■ **Directions**
Beginning with the line that holds "Sistem Desktop PC" and finishing with the line that holds "QTS operating system", repeat the listing exactly, leaving every picture out.

■ **Task inputs**
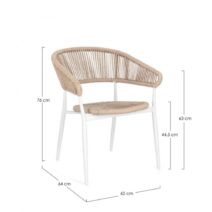 Set di 4 sedie ALGAIDA in alluminio bianco e fibre intrecciate beige, impilabili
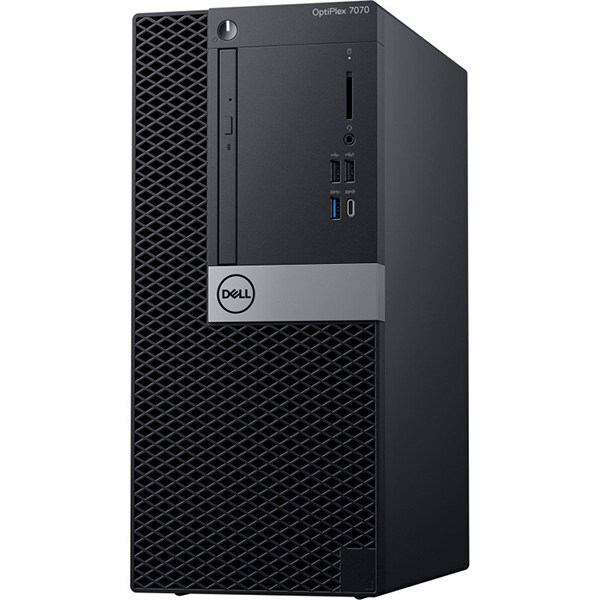 Sistem Desktop PC DELL OptiPlex 7070 MT, Intel Core i7-9700 pana la 4.7 GHz, 8GB, SSD 256GB, Intel UHD Graphic 630, Ubuntu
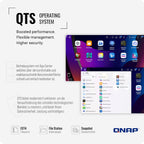 QTS operating system interface with app center and features on a white background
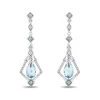 Enchanted Disney Fine Jewelry Sterling Silver with 1/8 CTTW Diamond and Swiss Blue Topaz Elsa Dangling Earrings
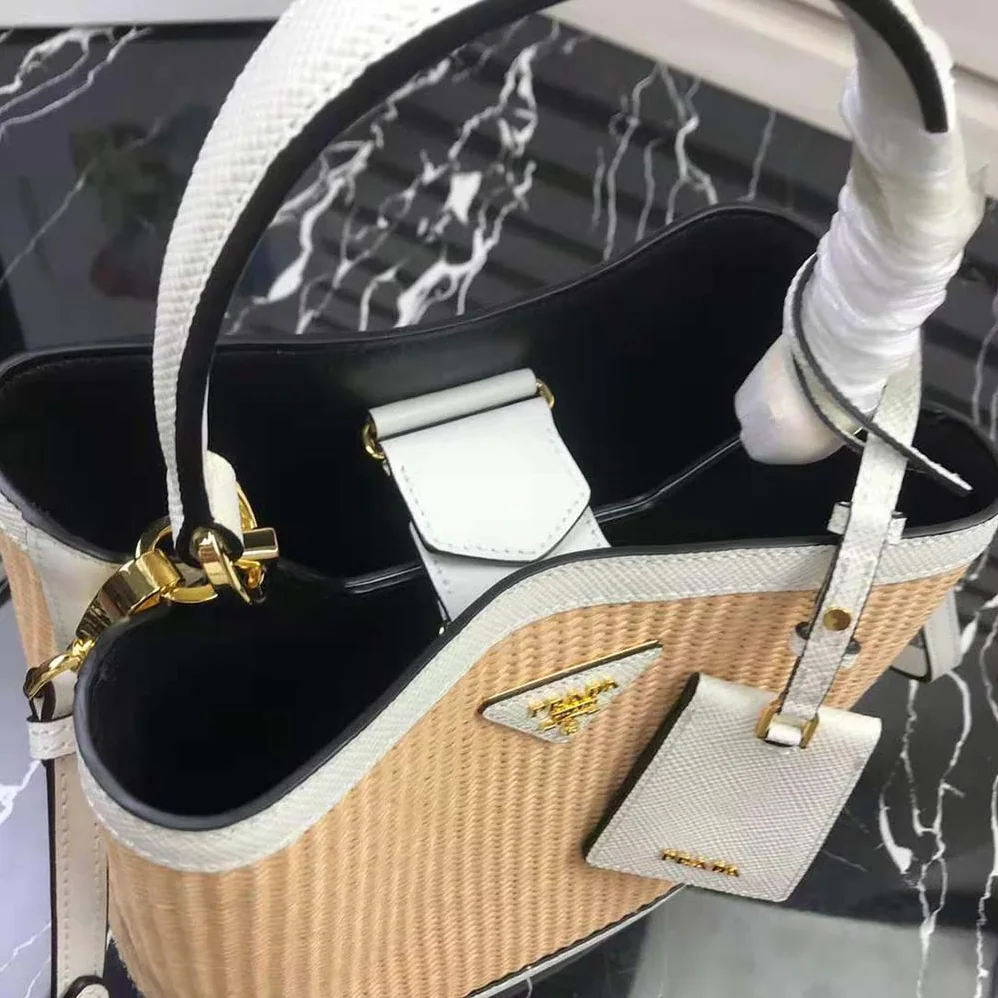 Prada Prada Panier Medium Straw Bag for Women in White Prada Prada Panier Medium Straw Bag for Women in White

■ **Response box**
 Sistem Desktop PC DELL OptiPlex 7070 MT, Intel Core i7-9700 pana la 4.7 GHz, 8GB, SSD 256GB, Intel UHD Graphic 630, Ubuntu
 QTS operating system interface with app center and features on a white background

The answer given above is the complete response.